▽

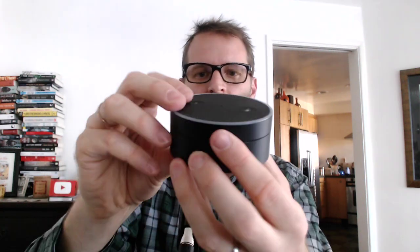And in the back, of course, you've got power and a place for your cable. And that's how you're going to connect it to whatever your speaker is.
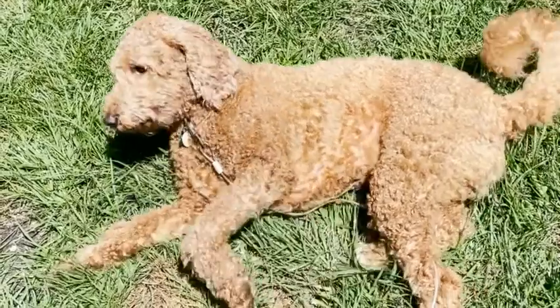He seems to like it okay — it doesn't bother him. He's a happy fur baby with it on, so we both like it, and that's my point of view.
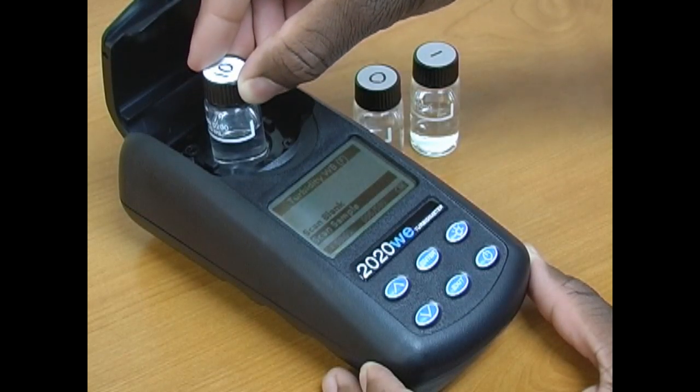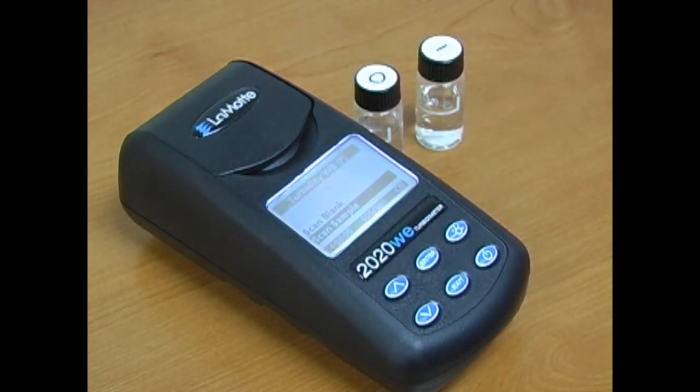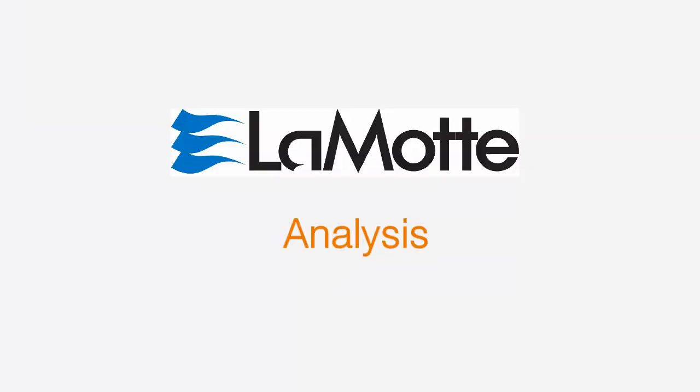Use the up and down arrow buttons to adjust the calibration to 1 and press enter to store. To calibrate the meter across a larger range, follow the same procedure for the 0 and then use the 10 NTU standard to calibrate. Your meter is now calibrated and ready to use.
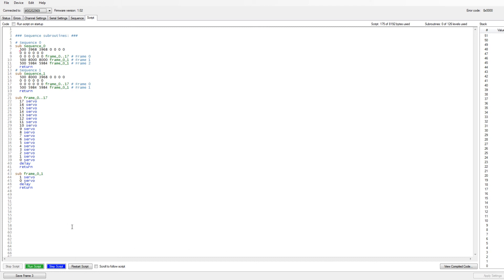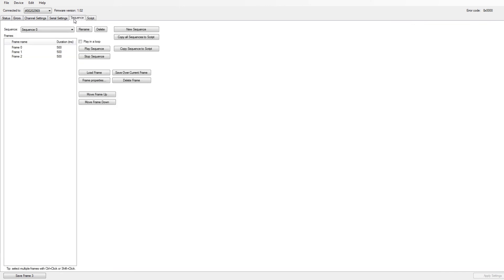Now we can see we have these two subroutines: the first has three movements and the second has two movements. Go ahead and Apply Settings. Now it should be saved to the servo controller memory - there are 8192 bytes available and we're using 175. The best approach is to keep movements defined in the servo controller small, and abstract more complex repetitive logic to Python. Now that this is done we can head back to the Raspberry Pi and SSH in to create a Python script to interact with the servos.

△

In transcribing the material above, reproduce each line exactly and include none of the pictures.

[ANSWER TO THIS EXERCISE]:
And in the back, of course, you've got power and a place for your cable. And that's how you're going to connect it to whatever your speaker is.
He seems to like it okay — it doesn't bother him. He's a happy fur baby with it on, so we both like it, and that's my point of view.
Use the up and down arrow buttons to adjust the calibration to 1 and press enter to store. To calibrate the meter across a larger range, follow the same procedure for the 0 and then use the 10 NTU standard to calibrate. Your meter is now calibrated and ready to use.
Now we can see we have these two subroutines: the first has three movements and the second has two movements. Go ahead and Apply Settings. Now it should be saved to the servo controller memory - there are 8192 bytes available and we're using 175. The best approach is to keep movements defined in the servo controller small, and abstract more complex repetitive logic to Python. Now that this is done we can head back to the Raspberry Pi and SSH in to create a Python script to interact with the servos.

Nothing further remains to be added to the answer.